La resistenza fu accanitissima ma i tedeschi dovettero ritirarsi. Fu in
questo momento che, colpito da una fucilata alla gola, cadde l’aiutante Costante
Garibaldi. Raccolto dal fratello, capitano Ricciotti e da due volontari egli fu
trasportato in una ambulanza vicina ove morì dopo quindici minuti.
Intanto il primo ed il terzo battaglione continuando l’attacco impetuoso,
si slanciarono sulla seconda trincea tedesca e dopo un lungo violentissimo
combattimento riuscirono ad impadronirsene, uccidendo e fugando i numerosissimi
soldati che la
difendevano. Nel tempo stesso il secondo battaglione del
reggimento si trovava a sinistra delle trincee fu attaccato insieme con le
truppe francesi che gli stavano al fianco da una forte colonna tedesca, la quale,
dopo una vivacissima lotta, fu respinta con un vigoroso assalto alla baionetta
e con gravi perdite.
Durante queste due azioni l’artiglieria francese cannoneggiava con fuoco
rapidissimo il terreno retrostante alla trincee nemiche rendendo difficile l’avanzata
di rinforzi.
I legionari italiani furono poco dopo sostituiti nelle trincee da essi
acquistate con le truppe francesi, e si recarono per riposarsi dal lungo
combattimento, nel villaggio di La Claon, salutati lungo tutto il tragitto
dalle acclamazioni dei soldati francesi.
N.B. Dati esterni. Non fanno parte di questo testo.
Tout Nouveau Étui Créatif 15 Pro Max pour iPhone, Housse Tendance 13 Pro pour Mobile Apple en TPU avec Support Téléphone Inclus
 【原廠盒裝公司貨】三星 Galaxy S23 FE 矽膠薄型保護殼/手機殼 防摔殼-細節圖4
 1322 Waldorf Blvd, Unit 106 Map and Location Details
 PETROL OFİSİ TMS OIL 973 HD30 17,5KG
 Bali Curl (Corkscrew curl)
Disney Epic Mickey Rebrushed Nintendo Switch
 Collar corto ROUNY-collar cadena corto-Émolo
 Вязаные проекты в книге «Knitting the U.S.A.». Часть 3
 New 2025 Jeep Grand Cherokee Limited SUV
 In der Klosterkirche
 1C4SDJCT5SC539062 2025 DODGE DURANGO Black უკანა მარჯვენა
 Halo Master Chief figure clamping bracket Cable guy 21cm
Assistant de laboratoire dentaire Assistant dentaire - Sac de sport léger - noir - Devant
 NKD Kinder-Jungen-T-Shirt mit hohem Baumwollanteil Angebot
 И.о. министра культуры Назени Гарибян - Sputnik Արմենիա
Il reggimento dei volontari italiani
fece 250 prigionieri; due mitragliatrici tedesche andarono distrutte nella
esplosione della prima trincea; altre tre mitragliatrici e due lanciamine
furono presi nella seconda trincea tolta al nemico.”
Il comunicato tedesco così riassume la battaglia: “Nella parte occidentale della foresta
dell’Argonna le nostre truppe hanno guadagnato terreno. L’attacco annunciato il
5 gennaio nella parte orientale della foresta dell’Argonna, nel bosco di Courtes
Chaussées, si è sviluppato fino alle nostre trincee, ma il nemico è stato respinto
dalle nostre posizioni su tutta la linea, con gravi perdite. Le nostre perdite
sono state relativamente minime.”
Nel momento che cade Costante
Garibaldi è ferito anche Giuseppe Chiostergi.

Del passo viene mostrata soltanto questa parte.